Can Chicago please let the Ditkas remain in the last century? Even the Obamas will be gone for three elections. Oprah, Bulls, Kanye, 1985 — why? This is 2024. The Bears have an exceptional quarterback at long last, as I’ve commented since they assumed the overall No. 1 pick in the draft. In the league’s latest excursion to Europe, Williams was allowed in Game 6 to flaunt the absurd skills he showed at USC, where he won the Heisman Trophy and was given his own Bobblehead Night at Dodger Stadium. He found another weak opponent in the Jacksonville Jaguars, who are ready to fire their coach.
Here was the magic and wizardry, finally, with a 4-2 record as he awaits a personal challenge in Washington on Oct. 27. Who is better, Williams or Jayden Daniels? For now, he was happy watching a sitdown tea-party celebration in the end zone. Ever see Mike Ditka do that?
He spent the afternoon throwing his arms to the sky, hugging everyone, flashing a persistent smile. He waved to the crowd at the end of a 35-16 blowout, when he threw four scoring passes and led the Bears to their first back-to-back performances of 35 or more points in 11 years. He sat on the bench like he owned it, accepting cheers from teammates who know so much more is coming. He won his third straight game, letting us ramble with his best quote of the season about winning.
“That’s the only thing that matters at the end of the day. If you look at anybody else or talk about anybody else or talk about any other sports, the only thing people mention is why Michael Jordan is the GOAT,” Williams said. “Because he wins.”
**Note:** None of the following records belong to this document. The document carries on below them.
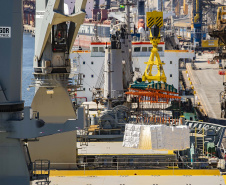 Fwd: Navio Sustentável em viagem inaugural atraca em Paranaguá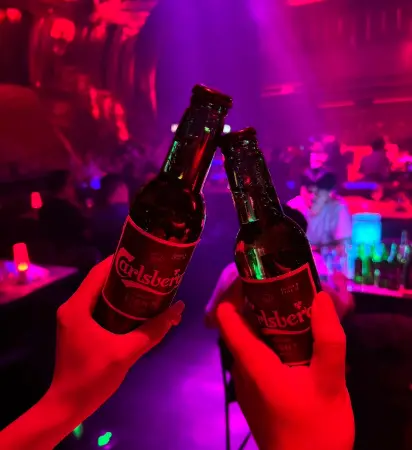 上海夜游生活到底有多上头？本地美食攻略+打卡资讯一次说透🌙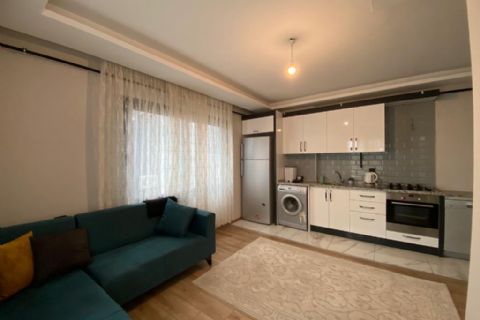 KARİZMA'DAN SOLİ CENTER CİVARI  KİRACILI FULL EŞYALI 1+1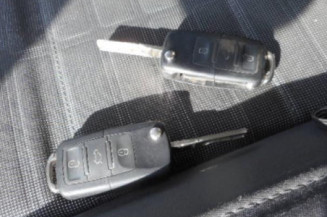 Autoradio d'origine VOLKSWAGEN TOURAN 1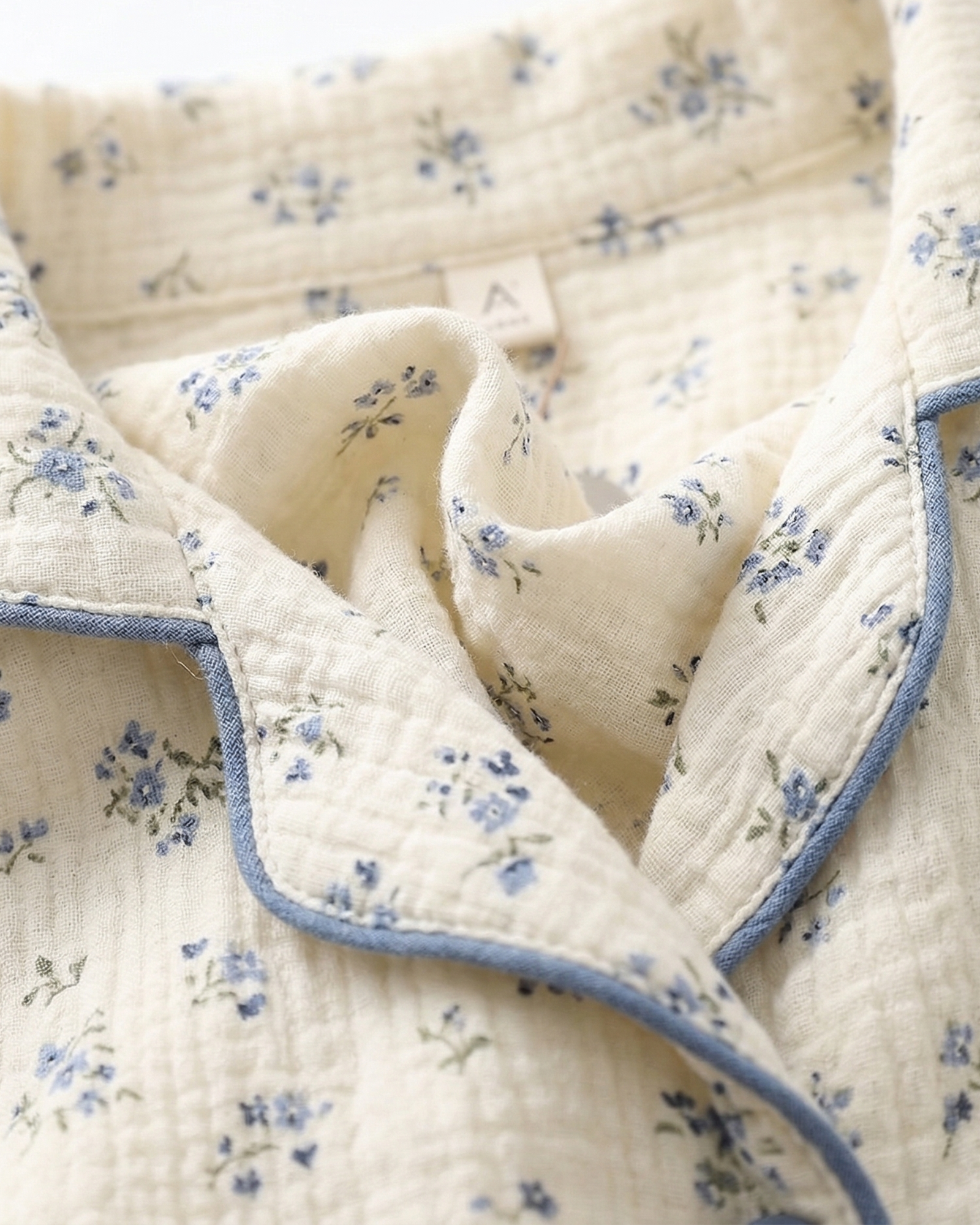 Set pigiama Flora in cotone mussola 100% per un comfort traspirante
His reference works in Chicago. To become the current GOAT, let’s not rush matters. He must outplay Daniels and ascend to the level of Mahomes, who has won three Super Bowls when Williams says he wants eight to break Tom Brady’s record. He has dreams, and this year, he tries to plow through six games of a schedule in a demanding division. To his credit, Williams dwelled on an interception he threw when DJ Moore was open. How about the ball he threw that hit an offensive lineman in the helmet?
“I think obviously we have to keep getting better. I can’t turn the ball over. We’ve got to be better,” he said. “The progress we have is to keep growing. … We’ve got to keep going. There will be plays we don’t like, plays that we mess up on. We have to stay in constant communication, with the offensive coordinator. Keep a positive mindset.”
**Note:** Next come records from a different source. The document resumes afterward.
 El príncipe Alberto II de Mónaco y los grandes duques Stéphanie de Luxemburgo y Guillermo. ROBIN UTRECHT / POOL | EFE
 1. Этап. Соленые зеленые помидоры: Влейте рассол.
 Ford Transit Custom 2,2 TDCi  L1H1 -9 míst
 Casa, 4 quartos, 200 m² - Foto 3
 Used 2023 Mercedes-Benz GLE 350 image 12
Wait, Williams was brilliant. Didn’t he kid about wanting all receivers to be involved at a 5G level, in Wi-Fi terminology? “Rest it at 5G, when we get everything going,” he said, not alluding to his 56 yards on four carries along with his 226 passing yards.
What about you? “I’ve been seeing it well,” he said. “It’s the comfort level of playing football. It’s about where I need to be, where my eyes need to be. Once the ball is snapped, you know what you have to do and be confidant about it. The consummate mindset to keep going and get momentum going.”
The local hero is Kmet — attending high school in Arlington Heights, where the Bears own land for a possible new stadium — so Williams could do nothing better for provincial hearts than make him a co-hero on the Tottenham Hotspur sod. He found him twice and had fun with his talents as an emergency long snapper, of which coach Matt Eberflus said: “First man in the history of ball to get two touchdowns and snap it right after. Maybe, I don’t know.” Let’s assume he was.
“Cole is unbelievable,” Williams said. “After he scored a touchdown, we celebrated him for snapping the ball. Those (extra) points go a long way. He did a great job.”
Said Kmet: “Definitely not a position I envisioned playing in the NFL — ever. It’s my biggest worry going into games.”
Remember, Chicago considers itself more local than global — Lemonheads, Garrett’s, Malnati’s, whatever Tom Skilling said on WGN — but welcome to the world of Caleb. He visited Paris at the Louis Vuitton Men’s Show and would like to introduce a Midwestern hub to the bigger world. Didn’t Jordan do it in Barcelona and Paris, where he referred to a famed museum known as the Louvre and called it “the luge” one day?
The debates will proceed for years about Daniels. He has been the hottest rookie QB and fired two touchdown passes for 269 yards before Lamar Jackson and Derrick Henry dismantled a defense in Baltimore, for a 30-23 victory over the Commanders. That won’t stop the party, which included Jackson, who said, “I’ve been catching glimpses of him on social media and stuff like that. He’s going off. He’s doing what we saw in college — what got him the Heisman.” It reached a point where Daniels wanted a media slowdown. “I don’t like when people try to compare me to Lamar and vice versa,” said Daniels, who called himself a “little bro” when Jackson is a “big bro” in the league. “I’m a fan of his and how he plays the game, how he approaches the game. But we’re two different quarterbacks, two different styles. I appreciate what he’s done for the sport and what he’s done for the African-American quarterbacks.”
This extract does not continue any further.